The Starlight Express H9C camera on the 80mm APO refractor at 480mm focal length gave a field of view of almost 1 degree. M33 fit nicely in the frame. I used a Meade DSI camera on the 12″ Meade LX200 at 3000mm focal length as the guide scope. I took about an hour’s worth of 5-minute sub-exposures. Guiding at 3000mm focal length held the imaging camera rock steady for the duration of the exposures. This is the result after stacking and some image processing. I will post a full-size version to the gallery on our web page (http://www.pewaukeeastro.com/messier_gallery.html).

So far, so good. . .
Next, I thought I’d try NGC 7331 in Pegasus. Our web page has an image taken last last fall but it was not guided and very grainy. I wanted to get a nice guided image to replace the old one. This galaxy is MUCH further away (about 45 or so million light years) and is very small in the wide-field view.

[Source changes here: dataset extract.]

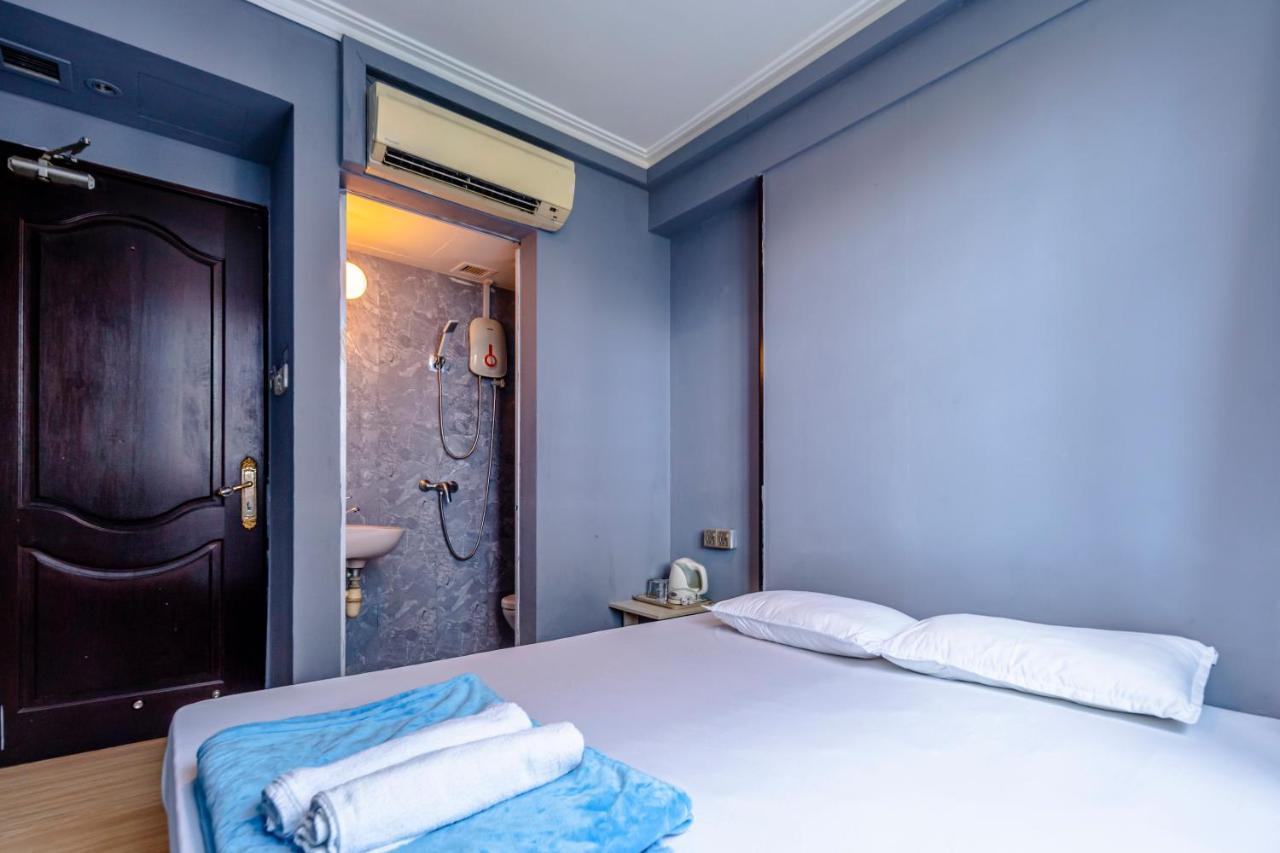 K Hotel 14 Szingapúr Kültér fotó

Therefore, I decided to switch the cameras and change who’s guiding who. I put the imaging camera onto the 12″ telescope with a focal reducer giving a focal length of about 1900mm. The field of view was about 16 arc-minutes. After re-focusing both cameras and re-calibrating the guide software (Maxim DL) I was back in business taking 5-minute sub exposures.
This time, the stars we somewhat elongated in the 5-minute exposures even though the on the guidescope looked like it was tracking well. However, the focal length of the guidescope was so short compared the the focal length of the imager (480mm vs 1900mm) that very small errors in guiding had a large effect on the imaging scope. Even so, the sub-exposures weren’t too bad and I was happy with the results.
then it happened. . .
Instead of seeing something like this:

I got this:

I can’t say whether I was daydreaming or distracted by checking the latest scores or what (I definitely was NOT snoozing!) but the guider lost track of the star it was using for a reference and chose a different one. It then moved the new star to the position of the original star. I was able to re-center the galaxy and carry-on. Sometimes funny things happen when guiding!
Here is the processed image — the full-sized version will appear on our web page: (http://www.pewaukeeastro.com/ngc_gallery.html).

By then I was ready to call it a night.